Following the London attacks, Theresa May boldly suggested that the issue was the Internet. What she was more likely referring to was encryption. Terrorists using encrypted communication methods to plan attacks.
Apps like WhatsApp transmit messages in an encrypted fashion. For the layperson, this means that while the message is “in the pipes” between your phone and the intended recipients phone, no one can read that message. Even if a would-be hacker managed to get the message, it would be be a garbled mess. This is because the only device that could decrypt that message would be your intended recipient.
In the modern world where people are more security-conscious (as they should be) apps like Signal are becoming more popular. But also more important. Civil liberties that protect communications between citizens are vital. Yes, someone may use these methods of communications for malicious purposes, but the foils of the few should not leave the many bereft. Increasingly, though, citizens are less likely to trust the arms of government to use an open & connected stream of data from citizens in a responsible manner. To demonstrate this (somewhat), the graph below demonstrates the trust Americans have in their politicians’ intellect:
May’s suggestion that encryption methods for messages are what’s causing terrorism is her attempt at starting a theological debate about the importance of encryption. In her mind, the idea that we have encrypted messaging systems prohibits the authorities from taking precautions against wouldbe terrorists.
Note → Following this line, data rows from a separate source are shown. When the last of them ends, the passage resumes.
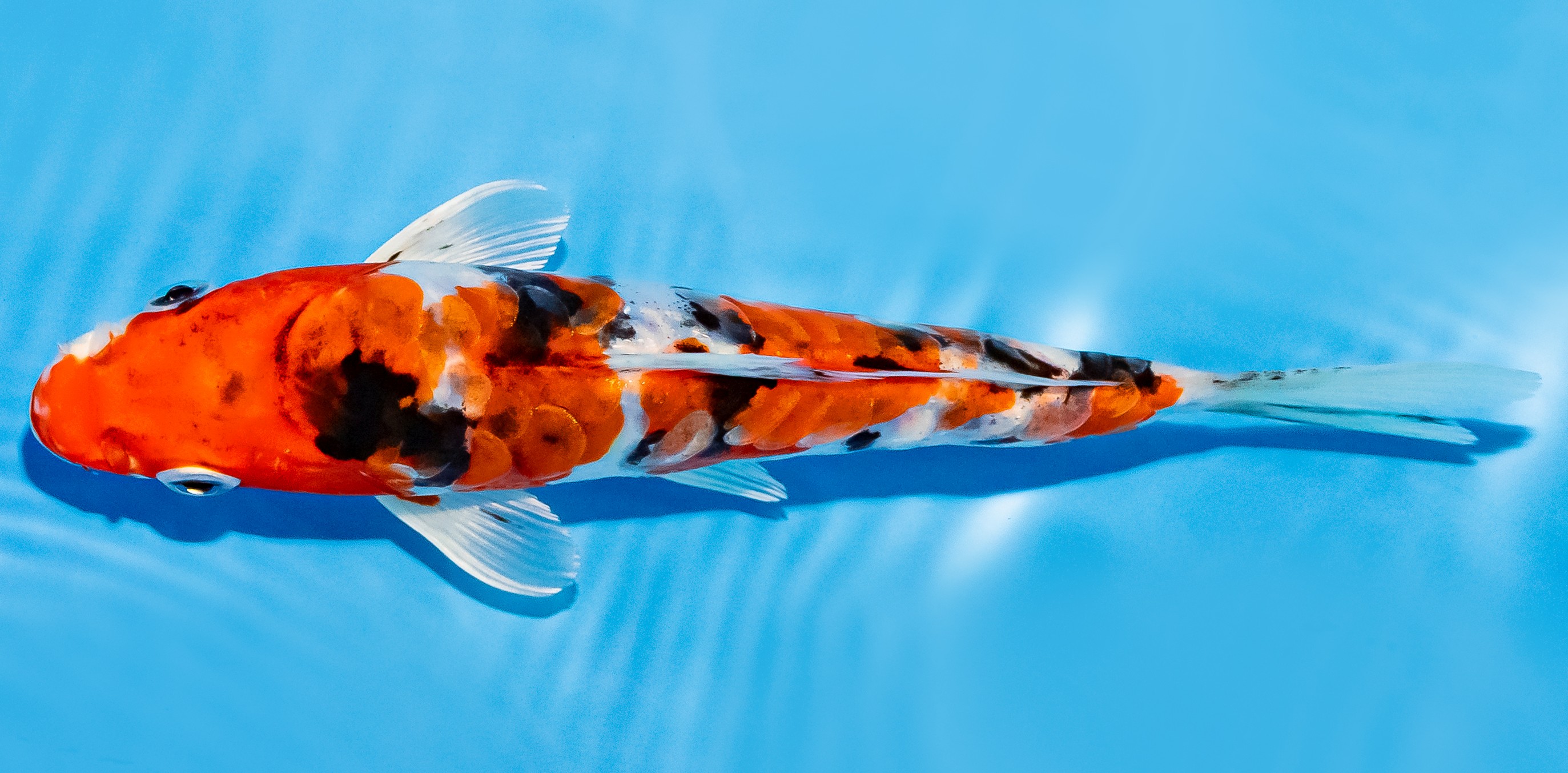 Koi 17-20cm Nr. 7246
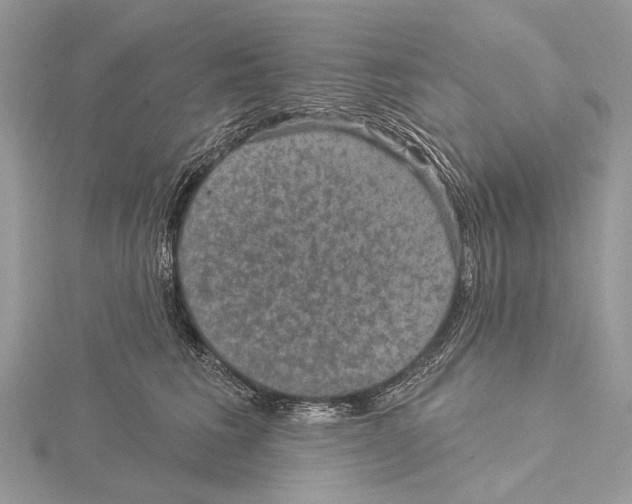 X0000115530613200912040951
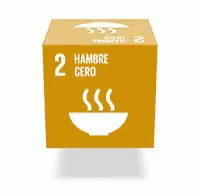ods1pobreza-ods (2).gif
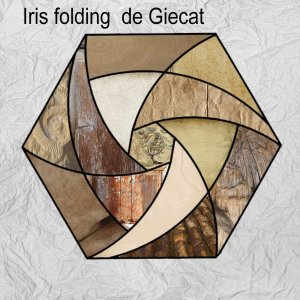 IRIS FOLDING DE GIECAT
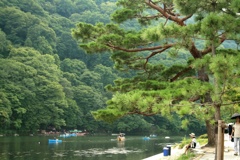 カモ川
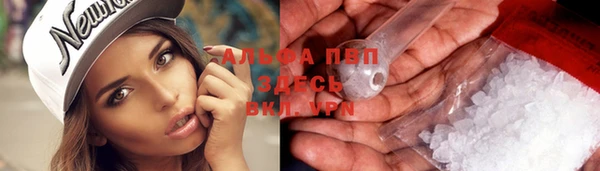 Альфа ПВП Баксан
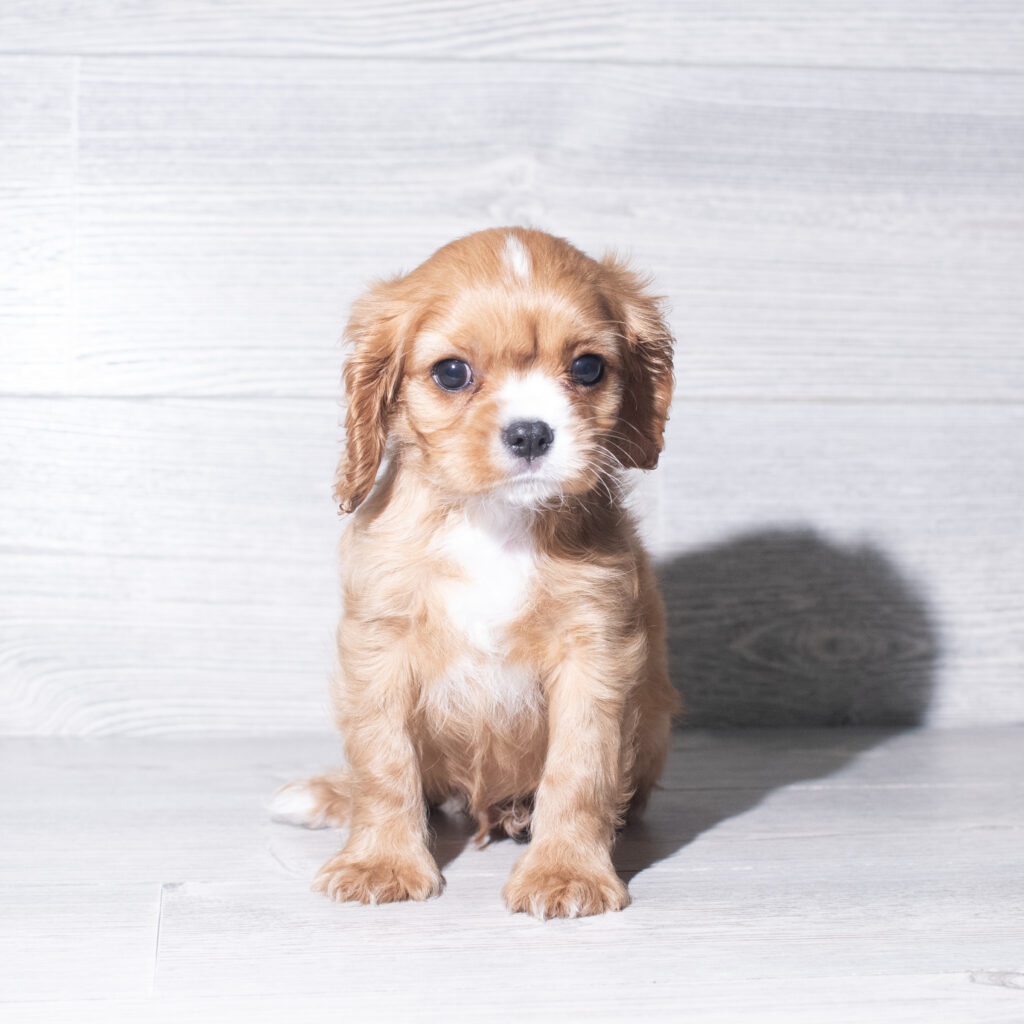 [#261012-04]  - Ruby M Cavalier King Charles Spaniel Puppies for Sale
She would like to open up messaging to the authorities to aide anti-terror campaigns.
However, if terrorists were using standard postal services, her suggestion is akin to burning woodland areas to stop terrorists from having access to paper or to have everyone remove their front doors to stop lock pickers.
No doubt, this government in the UK will lean into 1984 style tactics using fear as a catalyst to remove the ability for decent denizens of the realm to have digital privacy. But this is important. People don’t really understand this stuff, but it should be one of the defining political movements of the 21st century; the right to remain anonymous or to have data held privately, and only privately. Going deeper, people like me will continue to bang this drum harder. And even more, I’m a huge advocate for the future of a distributed network as the backbone of our digital future. Long live blockchain, encryption and a private future!